Muchos años de experiencia en la Universidad me han llevado a reflexionar frecuentemente sobre el modelo de profesor ideal, esa persona especial que encarna los valores que debe asumir, creer y transmitir los objetivos que debe realizar. Esta descripción utópica de la ejemplaridad en la docencia es difícil de realizar, pero es bueno identificarla y proponerla como verdad prematura que se debe buscar e intentar alcanzar. Siempre he tenido estas ideas en la cabeza y he pretendido llevarlas a la práctica. Comprendo que ni las he alcanzado ni las alcanzaré, aunque el esfuerzo y la buena voluntad también merecen ser reconocidos. Muchos profesores universitarios, a veces incluso sin saberlo, han intentado a lo largo de la historia conseguir este ideal intelectual y moral que debe identificarnos como profesión.

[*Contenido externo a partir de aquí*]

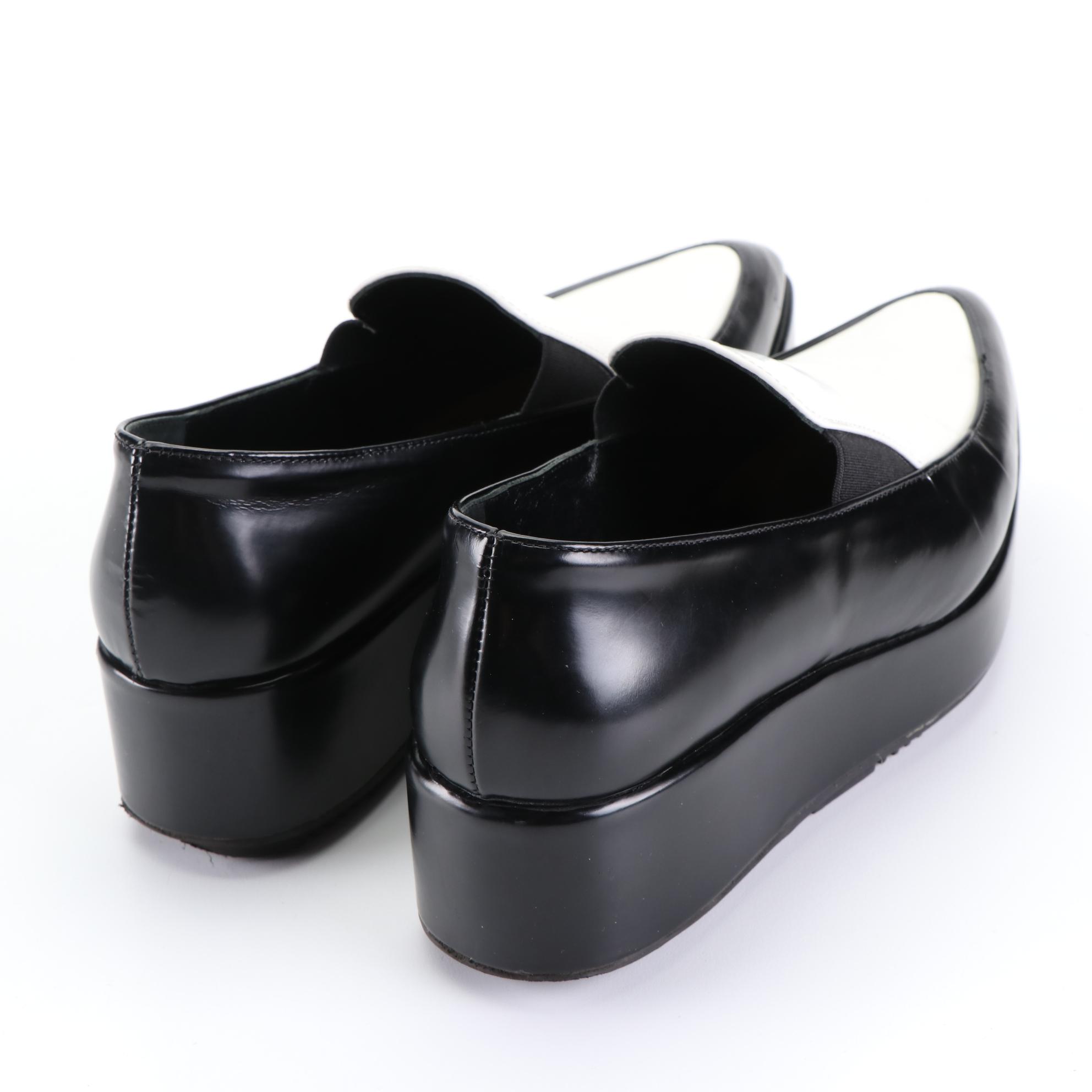 Prada Platform Loafers in Black and White Leather EBTH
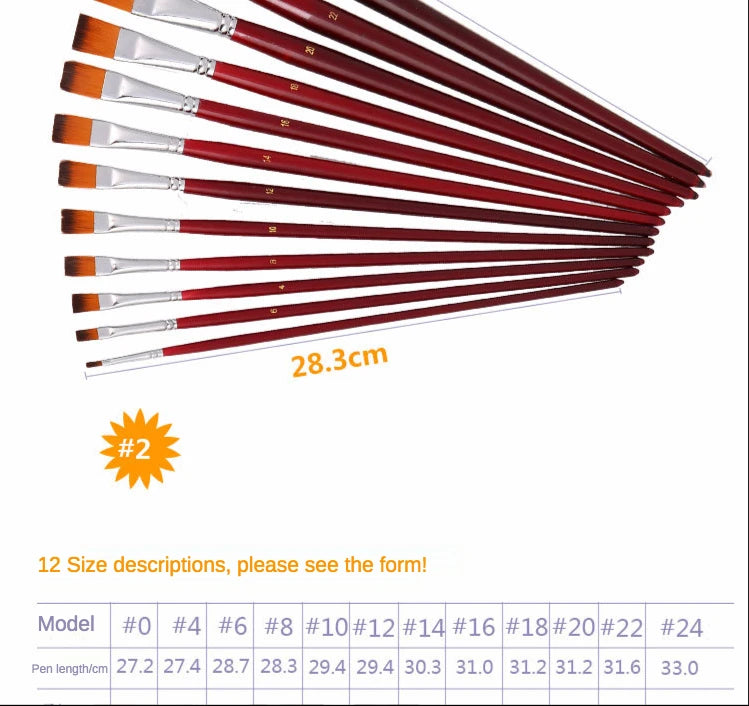 12pcs Two-Color Nylon Flat Paint Brushes – Watercolor & Oil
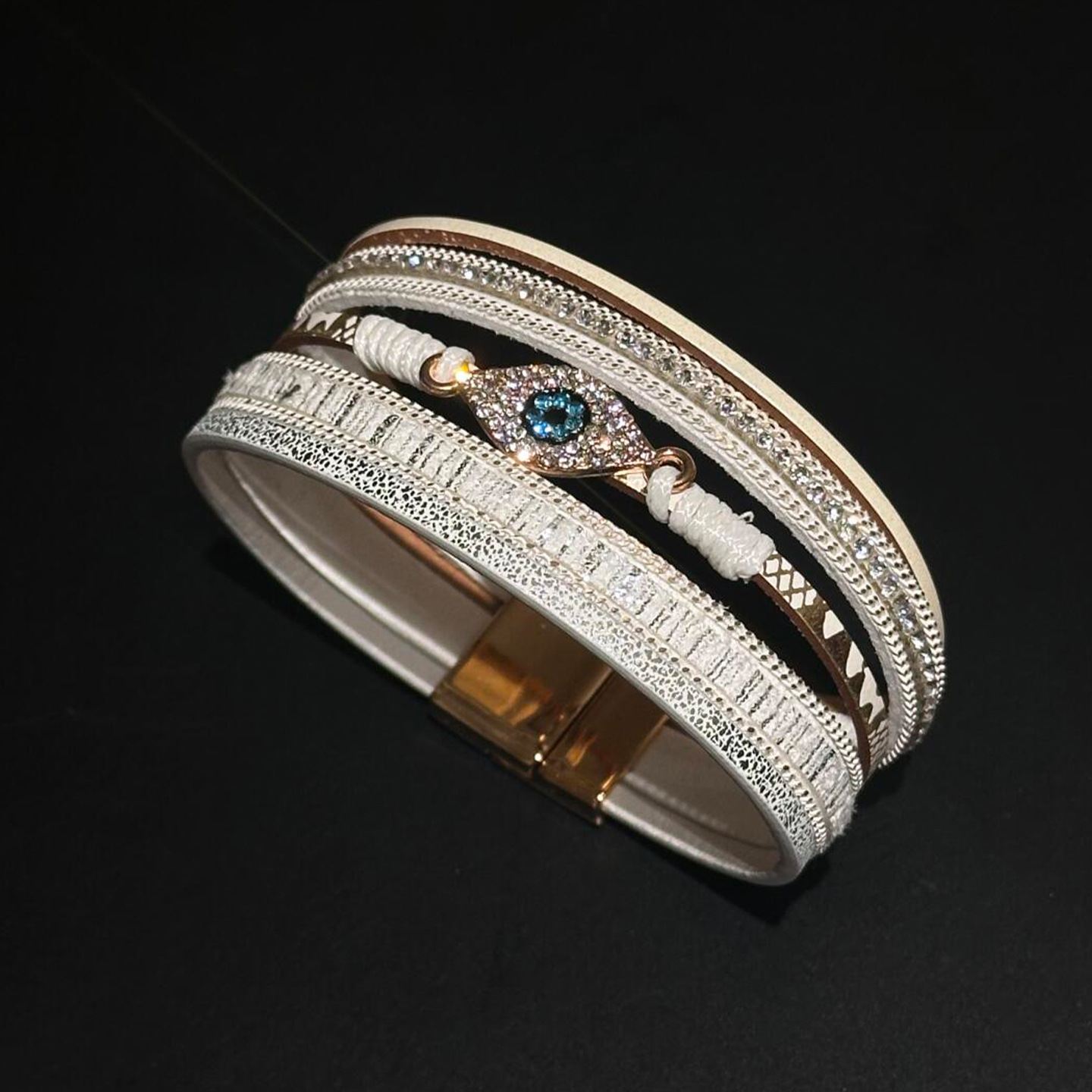 Inlaid Diamond Leather Devil's Eye Multi-layer Magnetic European and American Retro Light Luxury Bracelet Niche Design Sense Jewelry for Women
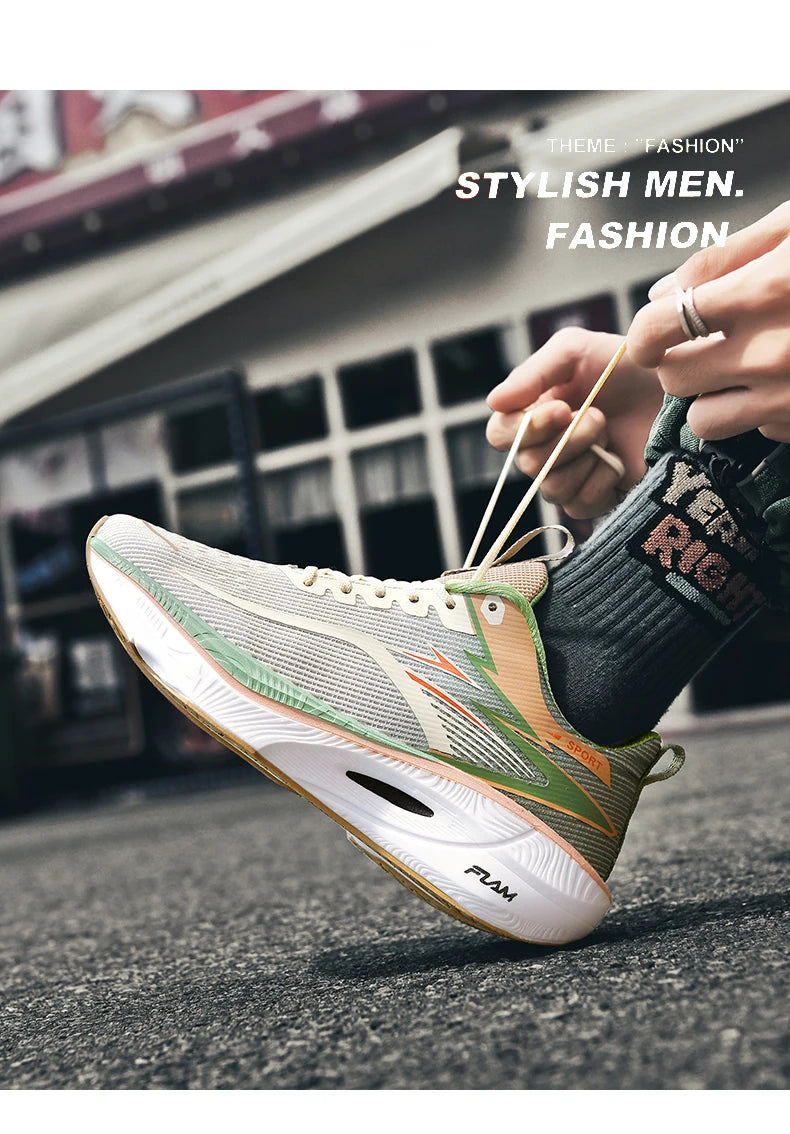 Scarpe sportive da running Marathon da uomo, con piastra in carbonio, cuscino d’aria, traspiranti e leggere, sneakers atletiche da donna comode e antiscivolo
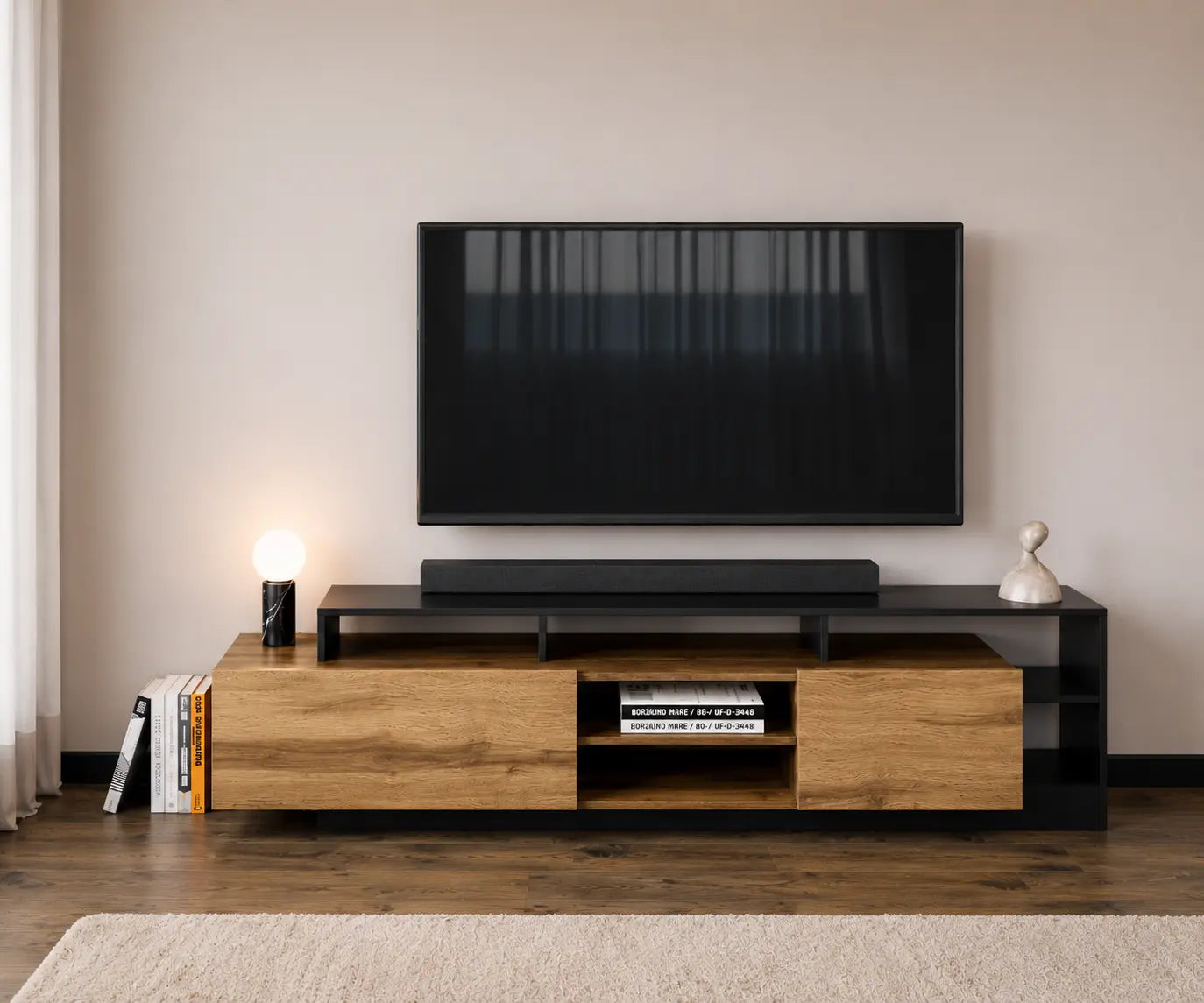 Meuble TV CALISTA 75" (Chêne appalaches et Anthracite)
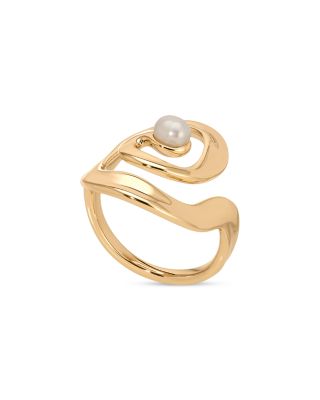 Cultured Freshwater Pearl Aura Swirl Ring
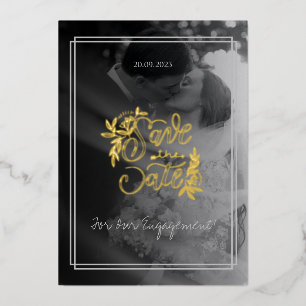 Minimalist Elegant Photo Engagement Gold Script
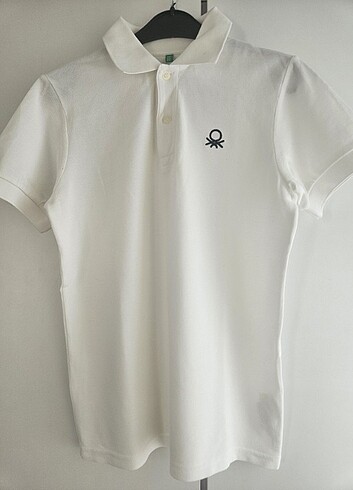 Benetton 10 11 yaş lakos polo yaka tişört beyaz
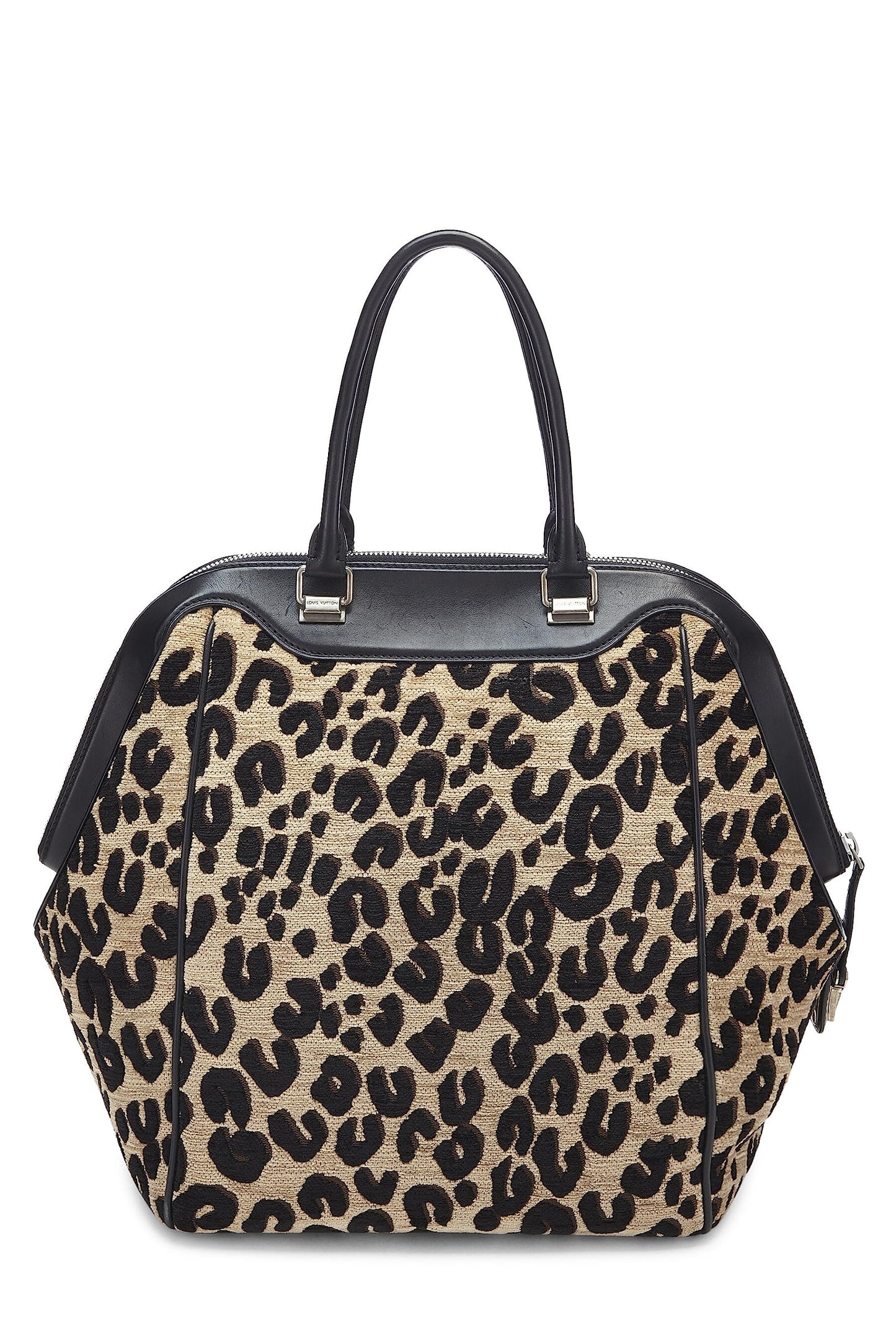 Louis Vuitton, Tan & Black Leopard Chenille Tapestry North-South Tote, Black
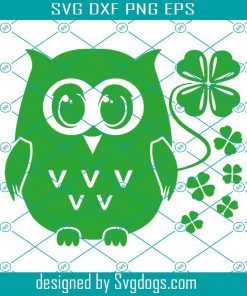 Shamrock Owl Svg, Irish Owl Svg, Ireland Lucky Owl Svg, Saint Patrick’s Day Svg, Cute Owl Svg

Por otra parte, estas reflexiones, que son en parte una autocrítica y en parte un elogio, me parecen oportunas en un momento en que, desde diversos ángulos, se descalifica a la Universidad y a la tarea de sus profesores. Es más grave si esos ataques se producen desde la Administración o desde pseudofundaciones creadas por la Administración, desconociendo el valor de la investigación universitaria o buscando otras instituciones, mejor si son ideológicamente afines, para sustituir a la Universidad y a sus profesores en tareas que les son propias.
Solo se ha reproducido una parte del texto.